Holder came up with a golf tournament, the Cowboy Pro-Am, to raise funds and invited alumnus Jerry Walsh to play. Walsh brought two friends: Mr. Pickens and Sherman Smith. Holder was simply grateful Walsh produced a team for the tournament. He couldn’t have known that the future was walking into the world of the Cowboys with three sets of clubs.
"He changed everybody’s perception of what is possible and then what part everybody should play in the future."
The trio played every year. Holder was intrigued by Mr. Pickens, the CEO of a successful company. Once Holder studied up on the man, he bought a little stock in Pickens’ company, Mesa Petroleum.
“I wrote him a letter and told him we bought some stock in his company, you know, to reciprocate,” Holder said. “He did a favor for Jerry Walsh when he came here. So I wanted him to understand that I appreciated it, and that I also had confidence in him, so I invested in his company.”
Little by little, over one golf weekend a year, a friendship was forged. One of Mr. Pickens’ passions was quail hunting, and he occasionally invited Holder to come to his ranch in west Texas for a weekend hunt.
“When Boone Pickens invited you to do something, you accepted the invitation,” he said. “I came initially out of respect for him. (Quail hunting) wasn’t something I particularly wanted to do, but that changed quickly.”
For 22 years, the trio of Walsh, Pickens and Smith played the Cowboy Pro-Am. Then came Nov. 19, 1995. Walsh and his wife died in a car accident in Amarillo.
“That was a really, really tough loss for me, but especially for Boone. That was his best friend,” Holder said. “I never will forget, after that funeral, I was visiting with Boone and he said, ‘Why don’t you come out to the ranch, and we’ll hunt a little bit of quail?’ I still wasn’t a quail hunter, but I knew he needed somebody.”
The years from 1995 to 2000 were years littered with losses for Mr. Pickens. He lost Walsh. He lost his company, Mesa Petroleum. He sold the Dallas mansion with the manned guard house at the end of the drive and leased a modest home. He sold the corporate jet. During 1997 and 1998, Holder said Mr. Pickens suffered incredible losses of equity in his new business, BP Capital.
Quail hunting was a refuge for Mr. Pickens, and Holder joined when he was invited. Those trips to west Texas would become defining moments of Holder’s life. Jokes and advice were dispensed.
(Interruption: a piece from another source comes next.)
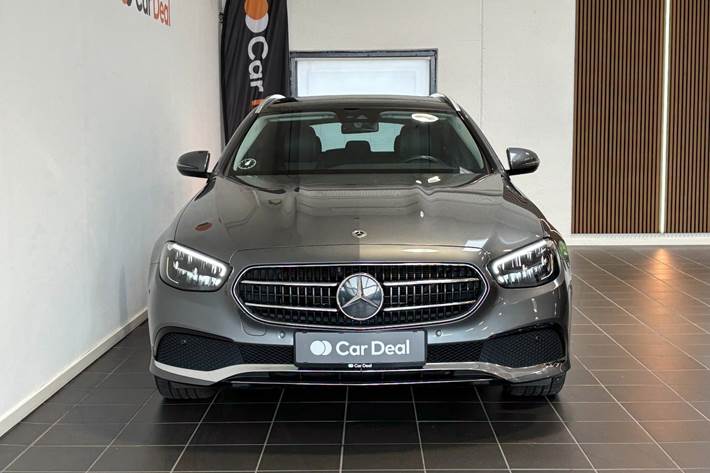 Kobber Mercedes E300 de fra 2022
Parables were told often enough to earn informal titles such as “The Cowboy and the Rattlesnake.” Holder was competitive and took Mr. Pickens’ instruction well. He learned to love quail hunting but appreciated the time with Mr. Pickens more, regardless of the score.
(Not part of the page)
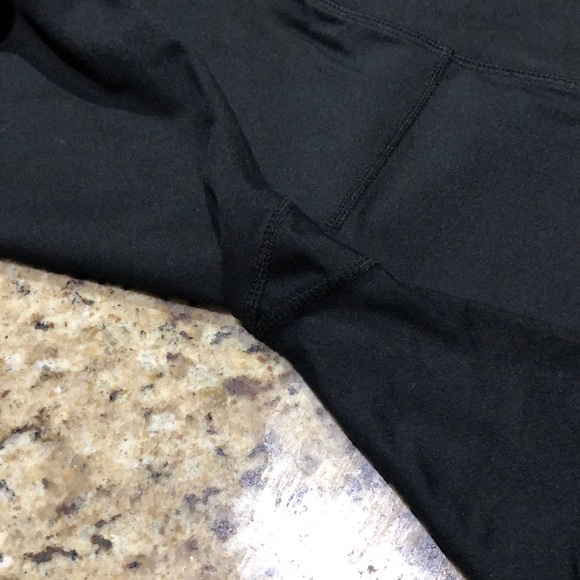 Fabletics Capri - Picture 4 of 13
Holder once asked Mr. Pickens how he was handling the losses that decimated his personal and professional lives after 1995. He remembers Mr. Pickens saying change was good; it was an opportunity to reflect on life, how he got to this place and what he would do about it.
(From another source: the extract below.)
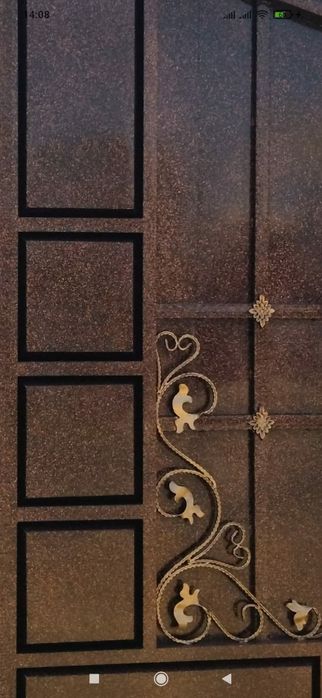 покраска ворот и дверей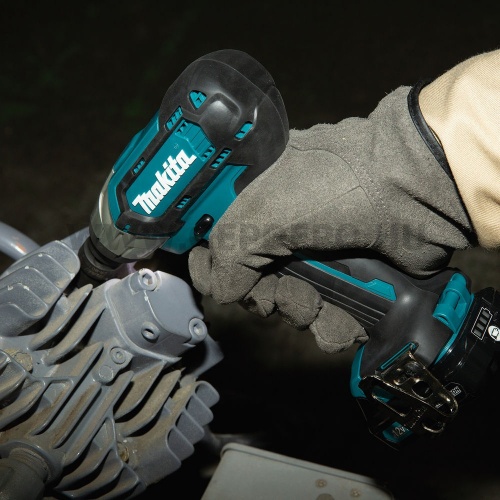 Makita TW141DZ ütvecsavarbehajtó géptest 10,8V-12V Max CXT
“Besides,” Mr. Pickens told Holder, “at night when I put my head on the pillow and close my eyes, it all looks the same.”
It turned out the growing mountain of disappointments was only a figurative bump in the road.
“It didn’t affect him that much,” Holder said. “He always valued people and relationships a lot more than material things. He was very humble and very unselfish, and those are two qualities in short supply these days, particularly among successful people. He’s everything you would want to be — who most people aspire to be but fall short.”
Mr. Pickens’ comeback venture, BP Capital, began to succeed after 2000. Then in his 70s, Mr. Pickens’ eyesight began a natural decline, and his hunting suffered. Life got busier, and the quail season fell further down his list of priorities.
For Holder, Mr. Pickens was his best friend. But Holder noted there are hundreds of people who think Boone Pickens was their best friend.
“He had a lot of people who loved and respected and admired him because of who he was and how much fun he was to be around and then how generous he was,” Holder said. “I guess the best compliment I could give him is he’s the best friend I’ve had when times are good, and he’s an even better friend to have or a partner to have when times are bad because he’s the same.”
Mr. Pickens changed the game for OSU, Holder said.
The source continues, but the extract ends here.